Kolume: Machen Hammelkeulen schwul?

Kolumne: Queer Royal – Georg Kasch über das Schaf als queeres Role Model

Manchmal ist das beste Pferd im Stall ein Schaf. Etwa als Argument gegen den Einwand, queeres Leben sei wider die Natur. Schon seit ein paar Jahren hat sich herumgesprochen, dass in genau dieser Natur so ziemlich alles möglich ist. Klar, die Bonobos, da macht’s ja jede:r mit jeder und jedem.

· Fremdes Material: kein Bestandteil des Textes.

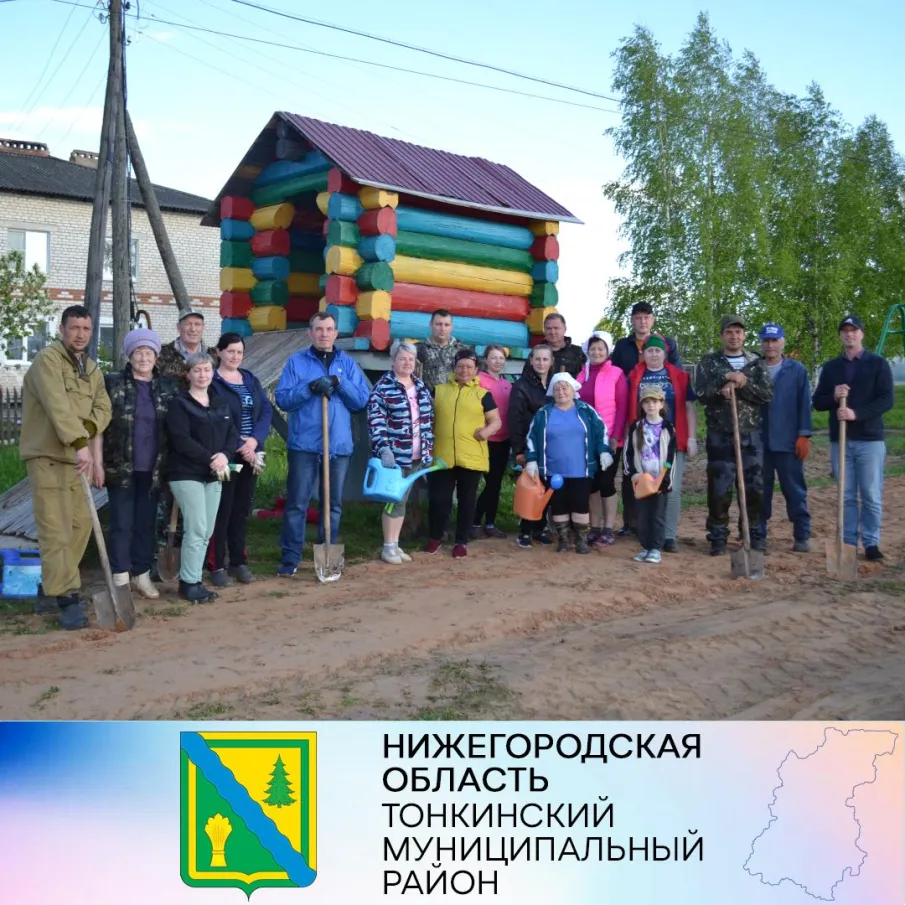 Посадка деревьев - дело общее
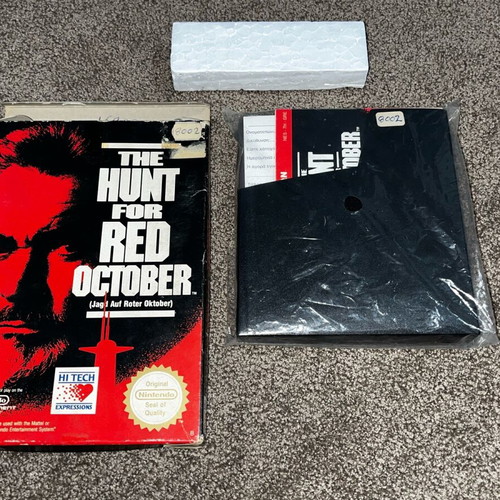 The Hunt for Red October used Nintendo NES game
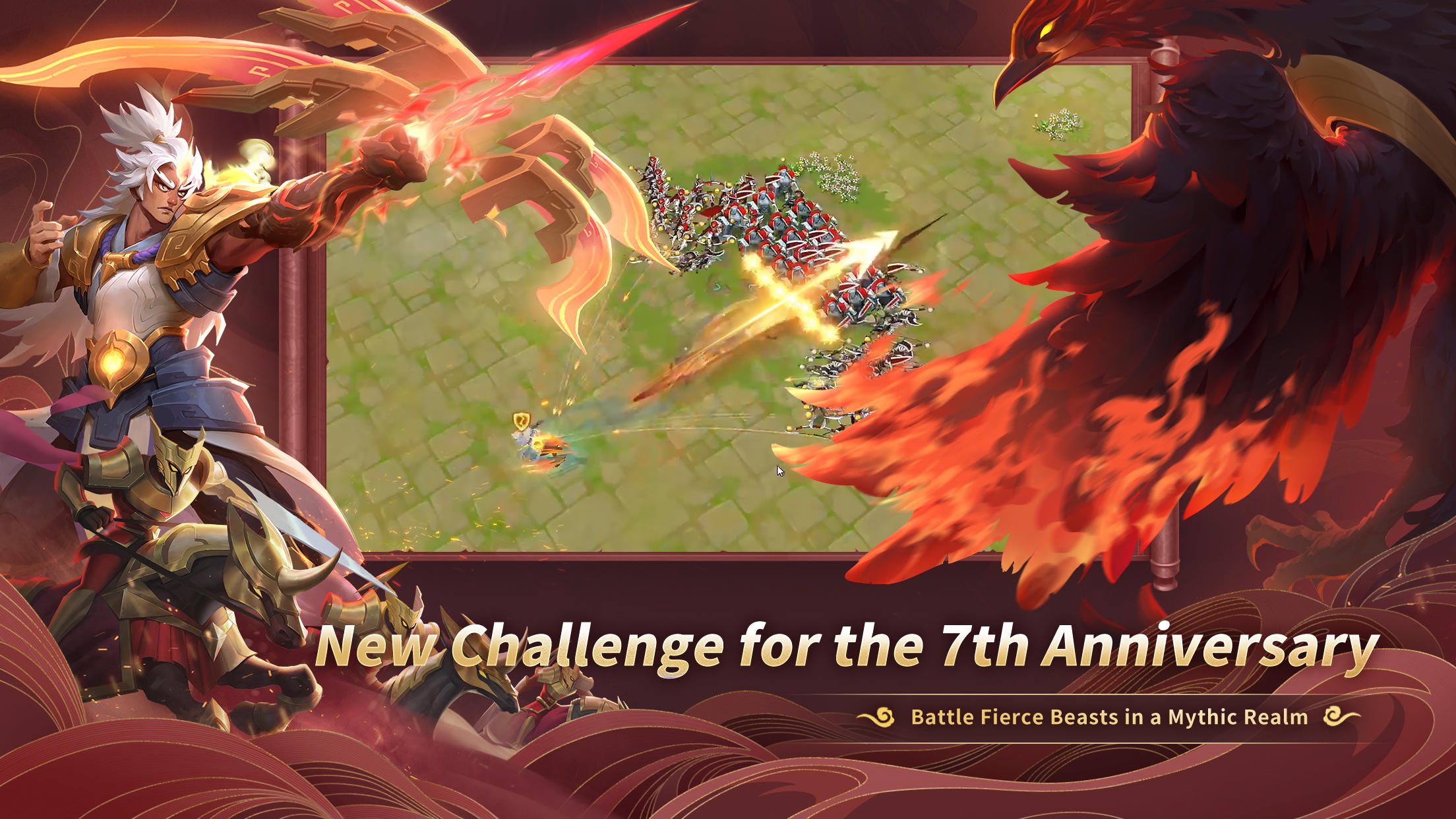 Art of Conquest : Airships Game Screenshot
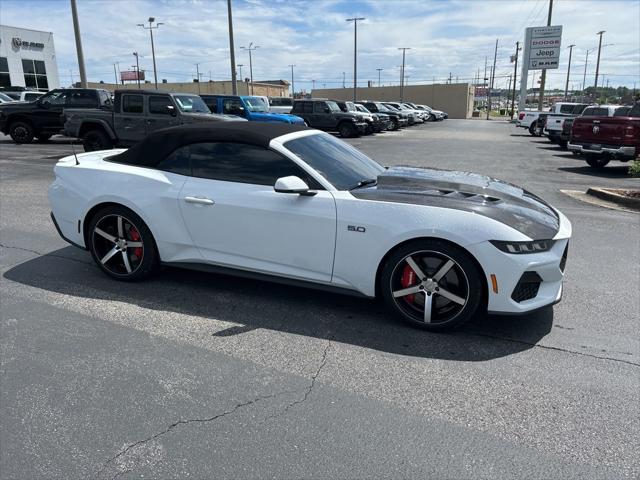 2024 Ford Mustang GT Premium Convertible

Aber auch Delphine, Bisons, Elefanten, Löwen, Libellen, sogar Taufliegen und Bettwanzen – überall balzen und kuscheln, schnäbeln, schnäuzeln und kopulieren sie in Konstellationen, die jede:n „Demo für alle“-Aktivist:in im Schock erstarren lassen dürfte.

Die Tüpfelhyäne zum Beispiel lebt im Matriarchat. Beziehungen zwischen Weibchen gibt’s häufig. Oder die Schienenechsen: Dank der Jungfernzeugung brauchen sie gar keine Männer und machen nicht nur den Sex, sondern auch die Fortpflanzung unter Frauen aus. Männliche Giraffen reiben erst ihre Hälse aneinander, bevor’s ans Eingemachte geht. Und Trauerschwanmännchen-Paare haben bereits gemeinsam Junge aufgezogen; gleiches wurde bei Pinguinen und Geiern beobachtet. Besonders ärgerlich für alle, die immer dann die Natur anrufen, wenn ihnen etwas in Gender- und Sexualitätsdiskursen nicht passt, ist aber das Schaf. Acht bis zehn Prozent der Schafböcke zeigen ausschließlich homosexuelles Verhalten, weitere 18 bis 22 Prozent sind bisexuell. Woran denken sie eigentlich, wenn sie lammfromm in der Gegend rumstehen und freundlich gucken? Etwa an den Nebenbock? Sind Wollpullis dann wirklich noch was für echte Kerle? Machen Hammelkeulen schwul?

Lange konnten sich jene Naturanrufer, die es gerne klar sortiert haben im Leben, immerhin damit trösten, dass kein Tier je auf die Idee kommen würde, eine andere Identität zu besitzen. Also wie eine Ente auszusehen, aber im Herzen ein Geier zu sein. Oder als Känguru gelesen zu werden, aber wie ein Wisent zu fühlen. Schaf sei dank wissen wir es jetzt besser. Im aktuellen ZEIT-Magazin berichtet Alard von Kittlitz vom Kamerunschaf Leni, das in Bayern seiner Herde entlief. Allen versuchen, es einzufangen, widersetzte sich Leni beharrlich.